I remember when I was a kid, we'd have these "lessons" about race. The upshot was always that we're all a little different, and it's the differences that make us cool (remember, I was raised in the 70's; cool was something to aspire to). Some of us were Black, some were White (no one really cared about or spoke about Asians or Latinos as if you couldn't tell they weren't White, or their "difference" as it were, wasn't as "different" as Black), but we were all precious in His sight, yada yada.

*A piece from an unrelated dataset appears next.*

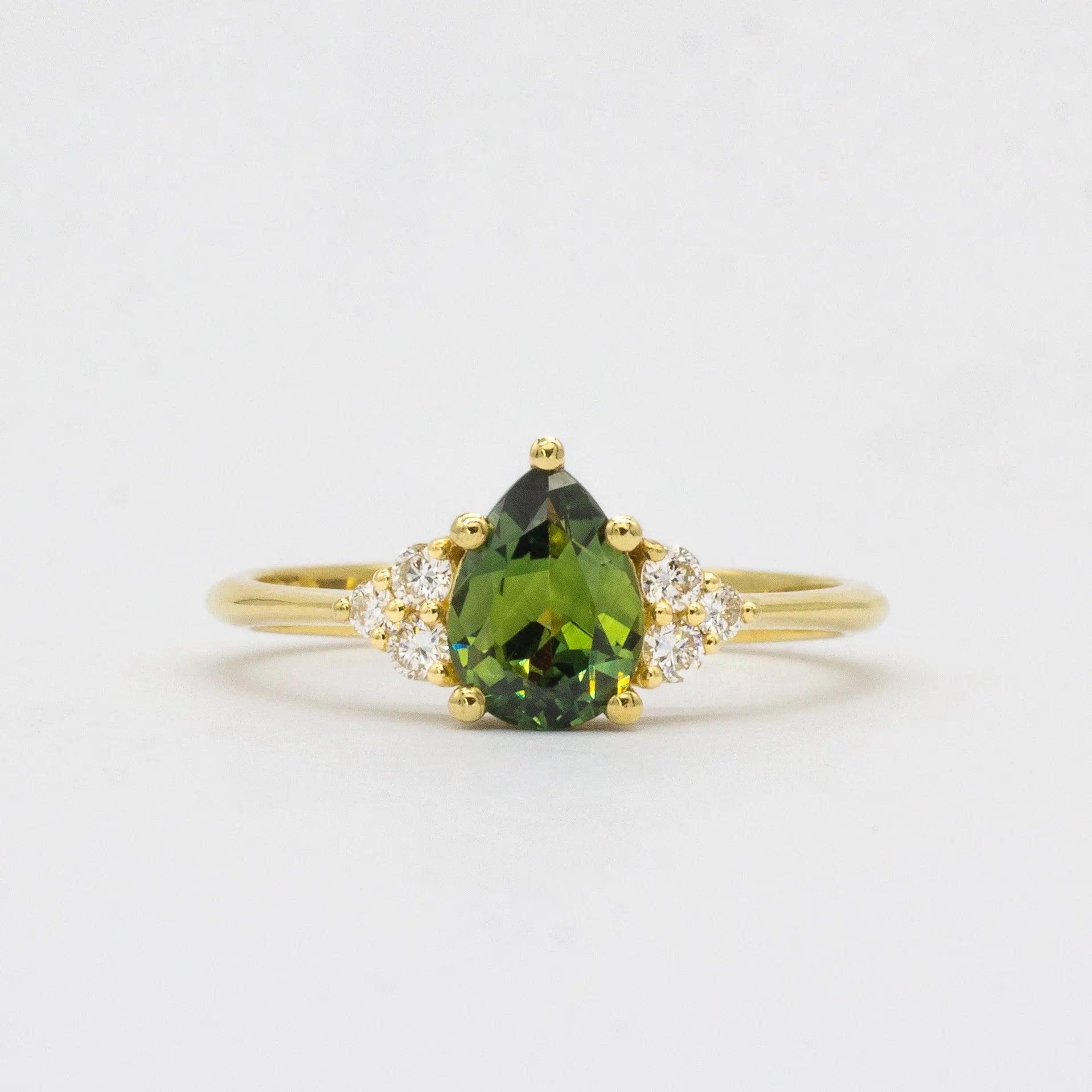 Green Pear Sapphire With Diamond Cluster Detail Engagement Ring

So, we've sorta conquered the race thing, or at least as far as Black evangelicals are concerned. Racism has become the sin that has officially been reconciled. Reformation has taken place. Blacks have forgotten good ol' Barry Goldwater and how he shaped the new Republican Party, the one that sits in office now. The ones who attend the evangelical churches that work actively to deny gay & lesbian people anything that implies ordinariness; protection from bullying in schools, the rtight to adopt children, protections for same-sex couples, protections against education and job description (don't get me started on the beauty school that put out a student after he publicly admitted he was HIV-positive). Yes, yes, White evangelicals have started to let go the ol' curse of Ham (Legend has it that Ham, one of Noah's sons, was cursed by God for disobedience to his father by fathering dark-skinned children) and fallen hook,line, and sinker, for acceptance by America's current ruling class, the Christian conservative.

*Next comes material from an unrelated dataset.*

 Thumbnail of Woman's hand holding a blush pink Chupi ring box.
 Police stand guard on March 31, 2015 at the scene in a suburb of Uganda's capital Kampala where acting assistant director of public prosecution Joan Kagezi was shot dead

Blacks in the church quietly ignored the gay man and lesbian serving in the church, putting money in the plate, or helping to bring money into the church. Black lesbians & gays contributed to our own crappy treatment by remaining silent when the preacher launched a diatribe on the sin of Sodom, rather than remind the preacher, the trustee, and the congregant that while the splinter of homosexuality was dragged around, the log of so-called sins including greed (a rich pastor driving a luxury car and building a million-dollar church in the middle of a burned-out ghetto), gluttony (let's get real about the number of fat people, especially women, in the Black church), infidelity, lack of hospitality, and all-around what=were-you-thinking and you-call-yourself-a-Christian scripture regurgitation that supposedly passes for Biblical scholarship, was ignored.

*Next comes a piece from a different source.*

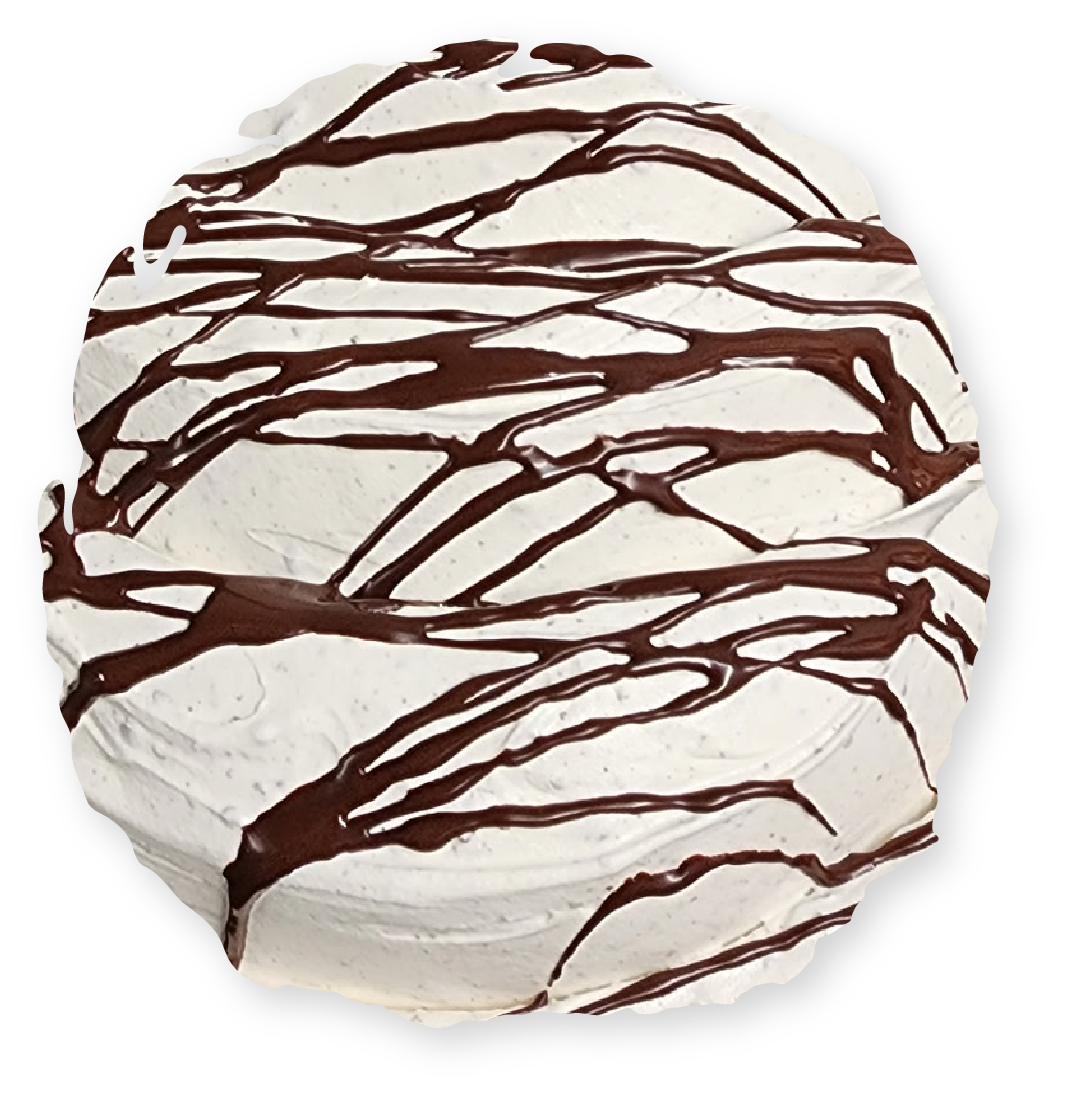 Round cake with white frosting and drizzled chocolate.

The White House throws a little money at struggling churches, and suddenly everyone has the same rallying cry: homosexuality is a sin! No gay marriage! Don't let gays teach your kids! Don't let them serve in your churches! And my favorite, so far, comes from Dwight McKissick, a pastor in Arlington, Texas, who says:

"Don't compare your sin with my skin."

What a gem. So, what would his response be to Black lesbians and gays? Are we okay as long as we're not gay, or is it that gay is less confounding that Black? Does he, or any other heterosexist preacher (like Eddie Long, who led a march against same-sex marriage to the Martin Luther King Center in Atlanta, whose song "Suddenly" is incredibly hot right now among Black gospel choirs), or that buffoon who would rather march with the Klan than support same-sex marriage, really think their Blackness is acceptable?

I keep promising not to write or talk any more about how irritated I am with the whole "you're a sinner if you're gay," wedge-driving nonsense that should be driving Black queers in droves from the church, but isn't. I keep promising myself that I'm going to make my voice heard by returning to the Methodist church that prohibits openly-gay clergy from serving. Instead, I seek refuge in a predominantly-gay, predominantly Black gay populated and led church because I'm weary from the fight. I'm tired. I'm tired of the growing list of gospel artists whose records I won't buy anymore. I'm tired of the knot in my stomach I feel every time I come out in a Black church environment, usually as a musician (and usually as the only female musician), only to await the inevitable "you know the Bible says" blather.

I remember when difference really was okay, when we as a society didn't try so hard to create a homogeneous glop. Will we ever get back to it?